__What to work on__.
Somewhere below is a line with "iPhone 15 Plus" and, later, a line with "Buy 3D Cute"; repeat those two lines and all the lines between them, exactly as they are.

__Source data__.

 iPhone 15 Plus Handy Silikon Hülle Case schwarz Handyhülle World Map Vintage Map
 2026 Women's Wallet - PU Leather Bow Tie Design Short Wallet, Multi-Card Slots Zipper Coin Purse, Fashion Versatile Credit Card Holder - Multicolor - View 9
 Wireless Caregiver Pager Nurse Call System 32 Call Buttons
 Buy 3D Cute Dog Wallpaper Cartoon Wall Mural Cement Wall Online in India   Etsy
---
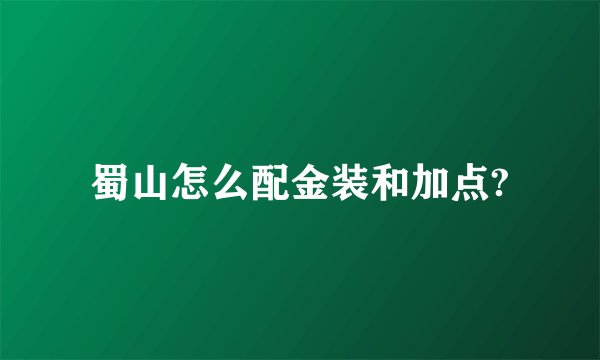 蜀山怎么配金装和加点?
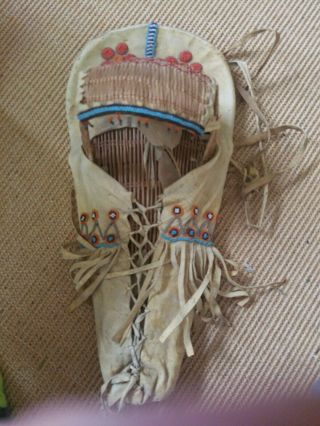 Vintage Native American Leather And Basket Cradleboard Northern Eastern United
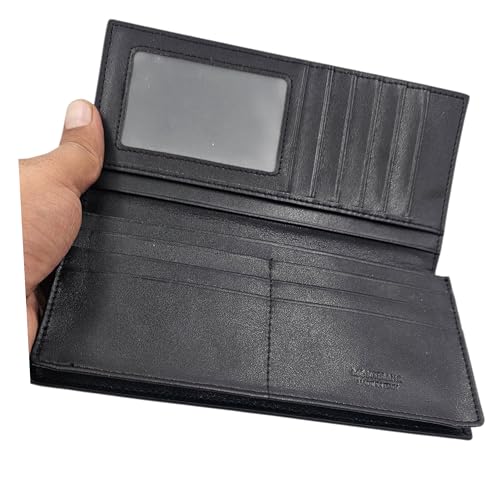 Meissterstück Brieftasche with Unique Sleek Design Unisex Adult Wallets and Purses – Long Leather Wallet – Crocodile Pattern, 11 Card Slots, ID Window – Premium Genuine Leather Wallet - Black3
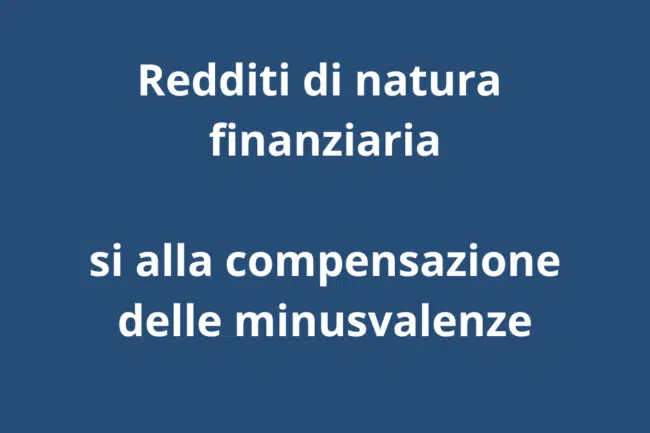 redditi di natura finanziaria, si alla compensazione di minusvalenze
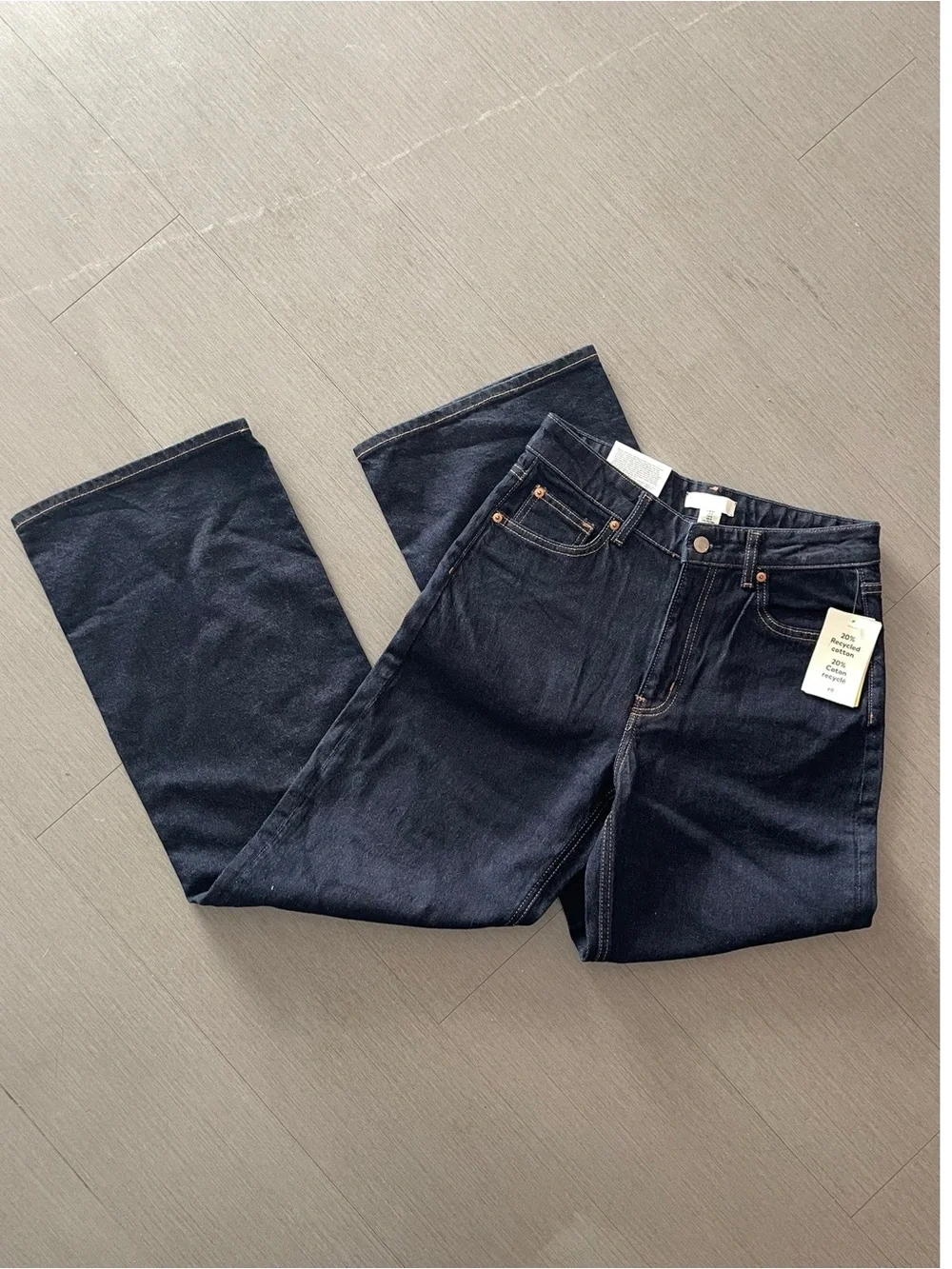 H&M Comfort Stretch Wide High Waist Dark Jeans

__Written reply__.
 iPhone 15 Plus Handy Silikon Hülle Case schwarz Handyhülle World Map Vintage Map
 2026 Women's Wallet - PU Leather Bow Tie Design Short Wallet, Multi-Card Slots Zipper Coin Purse, Fashion Versatile Credit Card Holder - Multicolor - View 9
 Wireless Caregiver Pager Nurse Call System 32 Call Buttons
 Buy 3D Cute Dog Wallpaper Cartoon Wall Mural Cement Wall Online in India   Etsy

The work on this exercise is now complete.